L'acqua utilizzata negli studi dentistici e negli ambulatori medici merita un'attenzione particolare: viene a contatto diretto con cavi orali, ferite chirurgiche, dispositivi medici e operatori sanitari. Nel riunito odontoiatrico, in particolare, la combinazione di tubazioni di piccolo diametro, ristagni e nebulizzazione genera un rischio biologico significativo, con potenziale esposizione del paziente a Legionella, Pseudomonas aeruginosa e altri patogeni opportunisti. Il D.Lgs. 81/2008 sulla sicurezza dei luoghi di lavoro, il D.Lgs. 18/2023 sulla qualità dell'acqua destinata al consumo umano e le indicazioni dell'Istituto Superiore di Sanità sull'odontoiatria definiscono il quadro entro cui il titolare dello studio è chiamato a monitorare la qualità dell'acqua.

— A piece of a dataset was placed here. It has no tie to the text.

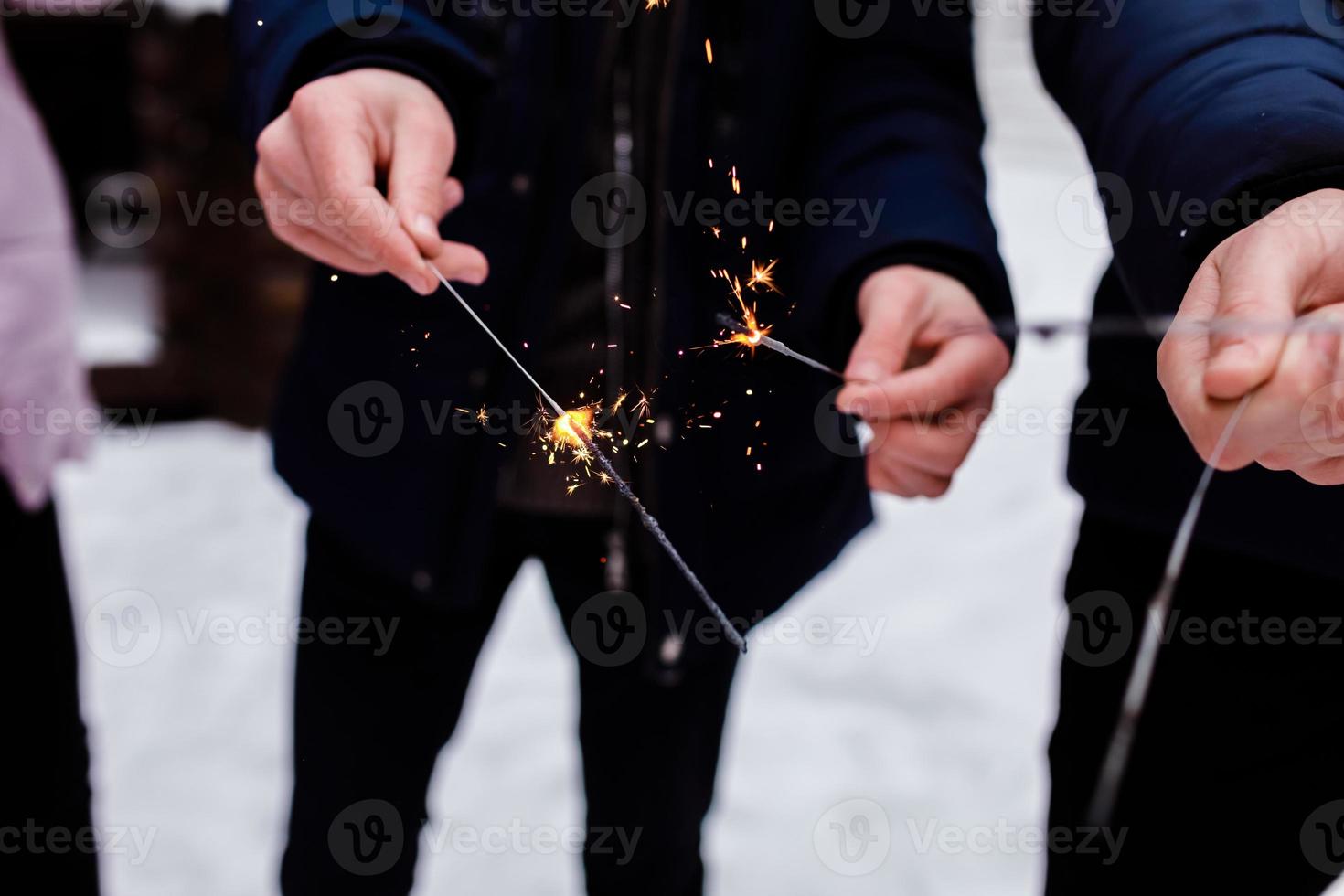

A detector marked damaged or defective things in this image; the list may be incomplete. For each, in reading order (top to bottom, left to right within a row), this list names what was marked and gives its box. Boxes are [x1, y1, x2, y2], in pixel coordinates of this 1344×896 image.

burnt sparkler stick [427, 262, 747, 656]
burnt sparkler stick [1085, 389, 1253, 822] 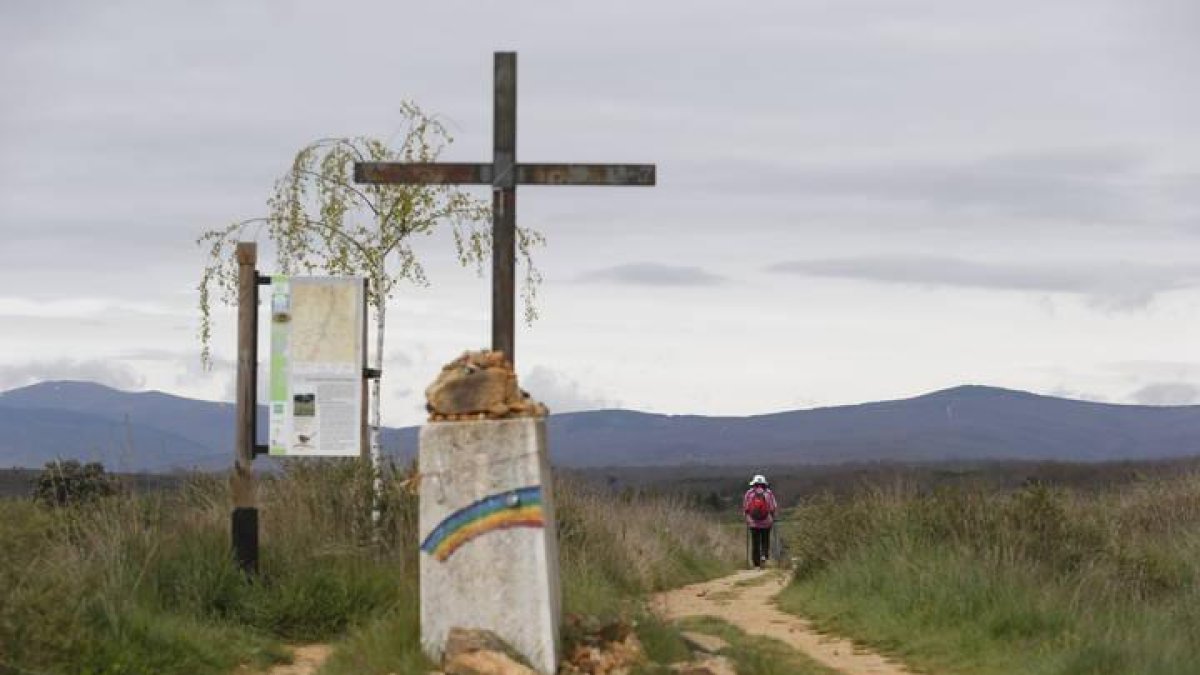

Perché l'acqua è critica negli studi sanitari

Il riunito odontoiatrico rappresenta uno dei punti più sensibili dal punto di vista microbiologico. Le sue tubazioni hanno diametri ridotti, sono percorse da flussi intermittenti, alternano fasi di utilizzo a lunghi periodi di stagnazione e generano aerosol durante le procedure cliniche. Tutto ciò favorisce la formazione di biofilm e la moltiplicazione di batteri opportunisti come Legionella pneumophila, Pseudomonas aeruginosa, Mycobacterium spp. e amebe a vita libera. L'esposizione del paziente avviene per aerosolizzazione e per contatto diretto con la mucosa orale.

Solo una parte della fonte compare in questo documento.